_The problem_.
When transcribing the entries, keep each one exactly as it is.

_Source material_.
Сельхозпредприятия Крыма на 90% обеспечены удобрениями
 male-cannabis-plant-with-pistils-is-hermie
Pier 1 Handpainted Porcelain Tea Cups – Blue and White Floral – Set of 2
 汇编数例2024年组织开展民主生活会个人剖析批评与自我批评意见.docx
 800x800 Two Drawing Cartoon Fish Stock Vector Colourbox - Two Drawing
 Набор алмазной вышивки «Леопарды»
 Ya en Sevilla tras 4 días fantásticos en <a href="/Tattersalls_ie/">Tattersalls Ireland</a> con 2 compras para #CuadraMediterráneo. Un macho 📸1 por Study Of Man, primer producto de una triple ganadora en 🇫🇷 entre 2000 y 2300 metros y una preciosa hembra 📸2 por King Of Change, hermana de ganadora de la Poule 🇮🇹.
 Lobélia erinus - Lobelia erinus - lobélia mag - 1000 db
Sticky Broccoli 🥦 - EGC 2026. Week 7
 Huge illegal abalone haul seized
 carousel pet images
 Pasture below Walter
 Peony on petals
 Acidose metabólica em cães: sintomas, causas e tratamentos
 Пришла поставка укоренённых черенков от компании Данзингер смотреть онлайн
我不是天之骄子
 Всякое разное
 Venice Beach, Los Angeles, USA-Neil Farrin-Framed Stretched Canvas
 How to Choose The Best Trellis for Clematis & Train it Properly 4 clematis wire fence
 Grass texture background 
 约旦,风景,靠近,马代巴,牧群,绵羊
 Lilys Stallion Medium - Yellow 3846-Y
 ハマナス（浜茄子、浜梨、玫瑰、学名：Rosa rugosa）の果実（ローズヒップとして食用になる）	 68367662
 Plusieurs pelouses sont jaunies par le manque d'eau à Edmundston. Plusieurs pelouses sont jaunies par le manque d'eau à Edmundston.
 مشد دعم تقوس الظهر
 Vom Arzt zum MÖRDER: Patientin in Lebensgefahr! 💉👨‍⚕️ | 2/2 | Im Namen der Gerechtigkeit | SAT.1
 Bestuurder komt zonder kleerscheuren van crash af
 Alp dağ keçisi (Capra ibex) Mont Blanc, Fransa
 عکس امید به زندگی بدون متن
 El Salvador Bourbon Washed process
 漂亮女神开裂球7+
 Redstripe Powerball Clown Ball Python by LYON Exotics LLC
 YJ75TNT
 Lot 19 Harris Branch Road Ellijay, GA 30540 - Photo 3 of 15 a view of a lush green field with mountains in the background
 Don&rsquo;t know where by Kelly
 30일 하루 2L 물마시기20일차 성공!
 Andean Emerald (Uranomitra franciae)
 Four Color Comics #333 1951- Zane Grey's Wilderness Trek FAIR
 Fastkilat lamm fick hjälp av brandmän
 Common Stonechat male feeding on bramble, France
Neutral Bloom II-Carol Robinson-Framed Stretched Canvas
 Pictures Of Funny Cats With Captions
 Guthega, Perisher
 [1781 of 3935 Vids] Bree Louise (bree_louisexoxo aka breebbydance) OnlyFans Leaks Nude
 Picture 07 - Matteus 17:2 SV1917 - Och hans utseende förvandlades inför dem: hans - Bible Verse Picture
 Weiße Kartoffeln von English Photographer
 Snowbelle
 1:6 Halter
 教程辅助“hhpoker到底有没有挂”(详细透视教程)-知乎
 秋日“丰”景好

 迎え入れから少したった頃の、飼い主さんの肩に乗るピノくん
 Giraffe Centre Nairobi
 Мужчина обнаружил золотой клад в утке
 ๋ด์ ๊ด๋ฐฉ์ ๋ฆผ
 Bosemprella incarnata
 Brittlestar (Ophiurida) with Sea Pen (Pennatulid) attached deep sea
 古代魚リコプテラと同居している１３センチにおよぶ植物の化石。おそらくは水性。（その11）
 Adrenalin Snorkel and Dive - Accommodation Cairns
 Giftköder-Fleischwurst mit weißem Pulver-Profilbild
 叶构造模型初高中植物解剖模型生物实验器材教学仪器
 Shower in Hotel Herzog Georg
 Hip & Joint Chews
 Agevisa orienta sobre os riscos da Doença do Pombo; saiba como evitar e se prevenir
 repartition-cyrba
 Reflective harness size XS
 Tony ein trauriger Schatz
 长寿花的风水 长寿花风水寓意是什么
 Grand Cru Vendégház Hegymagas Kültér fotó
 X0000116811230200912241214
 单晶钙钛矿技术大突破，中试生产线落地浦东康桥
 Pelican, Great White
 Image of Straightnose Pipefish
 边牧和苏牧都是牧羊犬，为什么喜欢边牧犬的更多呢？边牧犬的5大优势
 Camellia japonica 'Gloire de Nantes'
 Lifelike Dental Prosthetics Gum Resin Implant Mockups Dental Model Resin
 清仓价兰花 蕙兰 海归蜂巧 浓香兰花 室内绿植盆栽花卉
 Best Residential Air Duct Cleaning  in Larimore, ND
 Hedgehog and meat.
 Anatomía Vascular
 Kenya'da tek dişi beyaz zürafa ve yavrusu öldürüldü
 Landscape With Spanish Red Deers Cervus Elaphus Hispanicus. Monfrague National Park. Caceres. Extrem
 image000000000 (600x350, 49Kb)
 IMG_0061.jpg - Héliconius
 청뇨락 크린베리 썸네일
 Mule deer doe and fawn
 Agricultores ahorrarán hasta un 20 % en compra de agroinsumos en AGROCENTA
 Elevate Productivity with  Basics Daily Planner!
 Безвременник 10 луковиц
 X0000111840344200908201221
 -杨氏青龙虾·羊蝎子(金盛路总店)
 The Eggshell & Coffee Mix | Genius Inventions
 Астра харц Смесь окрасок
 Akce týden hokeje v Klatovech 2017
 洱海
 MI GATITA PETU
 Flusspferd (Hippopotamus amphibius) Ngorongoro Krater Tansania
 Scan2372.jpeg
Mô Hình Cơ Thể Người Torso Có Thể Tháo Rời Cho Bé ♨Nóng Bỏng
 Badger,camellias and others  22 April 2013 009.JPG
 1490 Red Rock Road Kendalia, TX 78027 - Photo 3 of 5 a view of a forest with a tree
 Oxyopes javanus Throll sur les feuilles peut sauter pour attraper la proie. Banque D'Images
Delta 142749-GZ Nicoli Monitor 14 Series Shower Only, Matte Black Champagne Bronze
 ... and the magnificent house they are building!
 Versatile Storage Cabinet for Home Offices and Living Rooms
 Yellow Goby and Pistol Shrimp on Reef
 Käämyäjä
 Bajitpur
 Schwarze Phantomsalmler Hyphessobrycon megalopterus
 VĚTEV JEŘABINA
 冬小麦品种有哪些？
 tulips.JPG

_Finished task_.
Сельхозпредприятия Крыма на 90% обеспечены удобрениями
 male-cannabis-plant-with-pistils-is-hermie
Pier 1 Handpainted Porcelain Tea Cups – Blue and White Floral – Set of 2
 汇编数例2024年组织开展民主生活会个人剖析批评与自我批评意见.docx
 800x800 Two Drawing Cartoon Fish Stock Vector Colourbox - Two Drawing
 Набор алмазной вышивки «Леопарды»
 Ya en Sevilla tras 4 días fantásticos en <a href="/Tattersalls_ie/">Tattersalls Ireland</a> con 2 compras para #CuadraMediterráneo. Un macho 📸1 por Study Of Man, primer producto de una triple ganadora en 🇫🇷 entre 2000 y 2300 metros y una preciosa hembra 📸2 por King Of Change, hermana de ganadora de la Poule 🇮🇹.
 Lobélia erinus - Lobelia erinus - lobélia mag - 1000 db
Sticky Broccoli 🥦 - EGC 2026. Week 7
 Huge illegal abalone haul seized
 carousel pet images
 Pasture below Walter
 Peony on petals
 Acidose metabólica em cães: sintomas, causas e tratamentos
 Пришла поставка укоренённых черенков от компании Данзингер смотреть онлайн
我不是天之骄子
 Всякое разное
 Venice Beach, Los Angeles, USA-Neil Farrin-Framed Stretched Canvas
 How to Choose The Best Trellis for Clematis & Train it Properly 4 clematis wire fence
 Grass texture background 
 约旦,风景,靠近,马代巴,牧群,绵羊
 Lilys Stallion Medium - Yellow 3846-Y
 ハマナス（浜茄子、浜梨、玫瑰、学名：Rosa rugosa）の果実（ローズヒップとして食用になる）	 68367662
 Plusieurs pelouses sont jaunies par le manque d'eau à Edmundston. Plusieurs pelouses sont jaunies par le manque d'eau à Edmundston.
 مشد دعم تقوس الظهر
 Vom Arzt zum MÖRDER: Patientin in Lebensgefahr! 💉👨‍⚕️ | 2/2 | Im Namen der Gerechtigkeit | SAT.1
 Bestuurder komt zonder kleerscheuren van crash af
 Alp dağ keçisi (Capra ibex) Mont Blanc, Fransa
 عکس امید به زندگی بدون متن
 El Salvador Bourbon Washed process
 漂亮女神开裂球7+
 Redstripe Powerball Clown Ball Python by LYON Exotics LLC
 YJ75TNT
 Lot 19 Harris Branch Road Ellijay, GA 30540 - Photo 3 of 15 a view of a lush green field with mountains in the background
 Don&rsquo;t know where by Kelly
 30일 하루 2L 물마시기20일차 성공!
 Andean Emerald (Uranomitra franciae)
 Four Color Comics #333 1951- Zane Grey's Wilderness Trek FAIR
 Fastkilat lamm fick hjälp av brandmän
 Common Stonechat male feeding on bramble, France
Neutral Bloom II-Carol Robinson-Framed Stretched Canvas
 Pictures Of Funny Cats With Captions
 Guthega, Perisher
 [1781 of 3935 Vids] Bree Louise (bree_louisexoxo aka breebbydance) OnlyFans Leaks Nude
 Picture 07 - Matteus 17:2 SV1917 - Och hans utseende förvandlades inför dem: hans - Bible Verse Picture
 Weiße Kartoffeln von English Photographer
 Snowbelle
 1:6 Halter
 教程辅助“hhpoker到底有没有挂”(详细透视教程)-知乎
 秋日“丰”景好

 迎え入れから少したった頃の、飼い主さんの肩に乗るピノくん
 Giraffe Centre Nairobi
 Мужчина обнаружил золотой клад в утке
 ๋ด์ ๊ด๋ฐฉ์ ๋ฆผ
 Bosemprella incarnata
 Brittlestar (Ophiurida) with Sea Pen (Pennatulid) attached deep sea
 古代魚リコプテラと同居している１３センチにおよぶ植物の化石。おそらくは水性。（その11）
 Adrenalin Snorkel and Dive - Accommodation Cairns
 Giftköder-Fleischwurst mit weißem Pulver-Profilbild
 叶构造模型初高中植物解剖模型生物实验器材教学仪器
 Shower in Hotel Herzog Georg
 Hip & Joint Chews
 Agevisa orienta sobre os riscos da Doença do Pombo; saiba como evitar e se prevenir
 repartition-cyrba
 Reflective harness size XS
 Tony ein trauriger Schatz
 长寿花的风水 长寿花风水寓意是什么
 Grand Cru Vendégház Hegymagas Kültér fotó
 X0000116811230200912241214
 单晶钙钛矿技术大突破，中试生产线落地浦东康桥
 Pelican, Great White
 Image of Straightnose Pipefish
 边牧和苏牧都是牧羊犬，为什么喜欢边牧犬的更多呢？边牧犬的5大优势
 Camellia japonica 'Gloire de Nantes'
 Lifelike Dental Prosthetics Gum Resin Implant Mockups Dental Model Resin
 清仓价兰花 蕙兰 海归蜂巧 浓香兰花 室内绿植盆栽花卉
 Best Residential Air Duct Cleaning  in Larimore, ND
 Hedgehog and meat.
 Anatomía Vascular
 Kenya'da tek dişi beyaz zürafa ve yavrusu öldürüldü
 Landscape With Spanish Red Deers Cervus Elaphus Hispanicus. Monfrague National Park. Caceres. Extrem
 image000000000 (600x350, 49Kb)
 IMG_0061.jpg - Héliconius
 청뇨락 크린베리 썸네일
 Mule deer doe and fawn
 Agricultores ahorrarán hasta un 20 % en compra de agroinsumos en AGROCENTA
 Elevate Productivity with  Basics Daily Planner!
 Безвременник 10 луковиц
 X0000111840344200908201221
 -杨氏青龙虾·羊蝎子(金盛路总店)
 The Eggshell & Coffee Mix | Genius Inventions
 Астра харц Смесь окрасок
 Akce týden hokeje v Klatovech 2017
 洱海
 MI GATITA PETU
 Flusspferd (Hippopotamus amphibius) Ngorongoro Krater Tansania
 Scan2372.jpeg
Mô Hình Cơ Thể Người Torso Có Thể Tháo Rời Cho Bé ♨Nóng Bỏng
 Badger,camellias and others  22 April 2013 009.JPG
 1490 Red Rock Road Kendalia, TX 78027 - Photo 3 of 5 a view of a forest with a tree
 Oxyopes javanus Throll sur les feuilles peut sauter pour attraper la proie. Banque D'Images
Delta 142749-GZ Nicoli Monitor 14 Series Shower Only, Matte Black Champagne Bronze
 ... and the magnificent house they are building!
 Versatile Storage Cabinet for Home Offices and Living Rooms
 Yellow Goby and Pistol Shrimp on Reef
 Käämyäjä
 Bajitpur
 Schwarze Phantomsalmler Hyphessobrycon megalopterus
 VĚTEV JEŘABINA
 冬小麦品种有哪些？
 tulips.JPG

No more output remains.